One post showed her on the beach with fellow YouTube personality Emma Chamberlain, captioned, “’Honeymoon season.” Another post featured her near palm leaves, captioned, “I like you Fiji, I like you a lot.”
The Daily Mail reported, “The trip was funded by shopping app Dote, who flew a number of social media influencers to the island in exchange for promotional posts. In addition to her Instagram snaps, Olivia also filmed a video of her trip which she uploaded when she returned to school.”
Last August Olivia Gianull released a video in which she stated, “I want the experience of game days and partying. I don’t really care about school, as you guys all know.”
Gianulli was reportedly making over a million dollars a year before the scandal hit; but now Sephora and TRESemmé have terminated their association with her.
Giannulli’s parents allegedly portrayed their daughters, Olivia and her older sister Isabella, as recruits to the USC crew team after they figured that for the girls to be recruited as crew coxswains, bribes would have to be paid. The Chronicle of Higher Education reported, “At the time, Olivia Giannulli’s academic qualifications were ‘just below the low end of USC’s admissions standards,’ according to the affidavit. She enrolled at the university in the fall of 2018.”

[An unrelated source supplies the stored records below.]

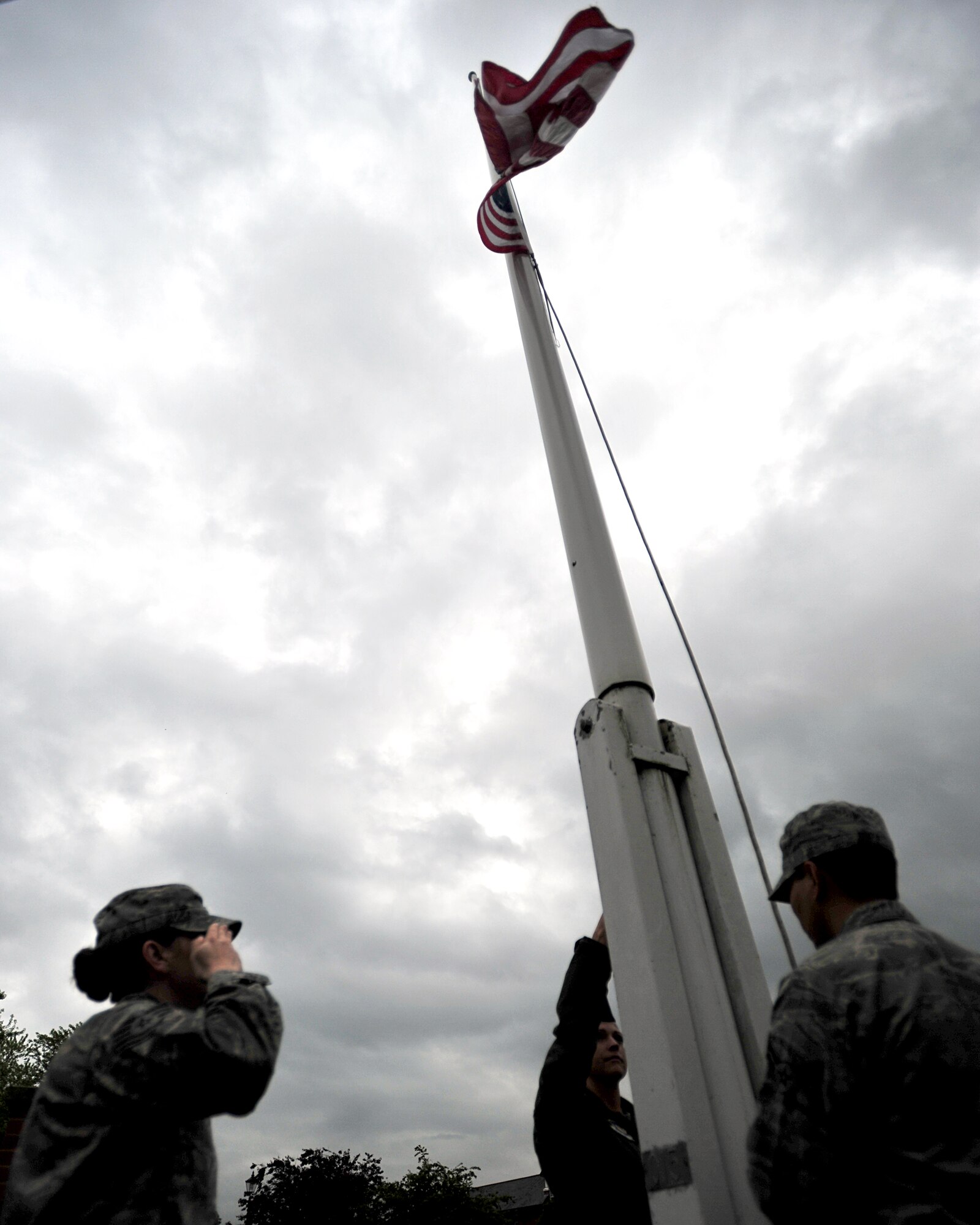 Team Mildenhall flag detail team members lower the U.S. flag during the monthly retreat ceremony June 28, 2013, on RAF Mildenhall, England.  The monthly retreat ceremony pays respect to both the U.S. flag and Royal Air Force ensign while symbolizing the official end to the duty day. (U.S. Air Force photo/Master Sgt Brian M. Boisvert/Released)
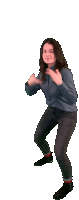 a woman in a denim shirt and jeans is dancing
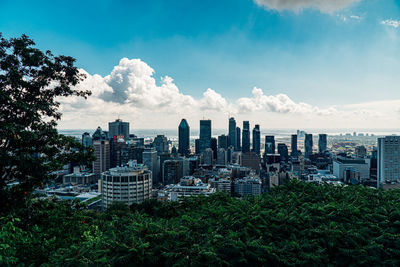 Modern buildings in city against sky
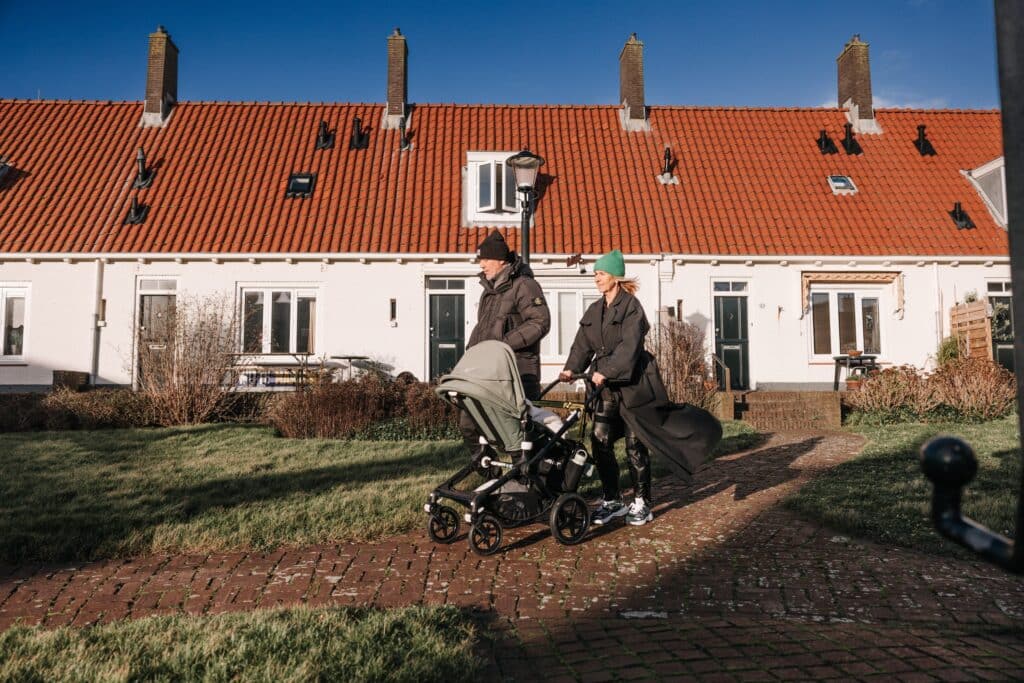 Twee personen die wandelen met een kinderwagen door de Zandvoortse sloppies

The Daily Mail explained, “A short time after that, photos were taken of older daughter Isabella on an ergometer. Dr. Donna Heinel, the senior associate athletic director at USC, presented Isabella as a potential athletic recruit a month later and she was approved for conditional admission. It was then asked that a check be sent to Heinel for $50,000 from Giannulli.”
The process enabling Olivia to be accepted to USC was reportedly the same as her older sister’s: a donation of $200,000 was made to the Key Worldwide Foundation, headed by William Singer; a note was sent back averring that no good or services had been exchanged for the money.
But after Olivia was accepted to USC, her high school guidance counselor inquired about her admission since she did not row. Page Six noted that counselor “did not believe that either of the Giannullis’ daughters participated in crew, and was concerned that their applications may have contained misleading information.”
Heinel allegedly left a voice message for Singer saying that if the girls were “questioned at the school that they respond in a[n] appropriate way that they are, walk-on candidates for their respective sports … So I just don’t want anybody going into … [the Giannullis’ daughter’s high school], you know, yelling at counselors. That’ll shut everything — that’ll shut everything down.”
In October 2018, the IRS audited Key Worldwide and began to investigate donations that had been made.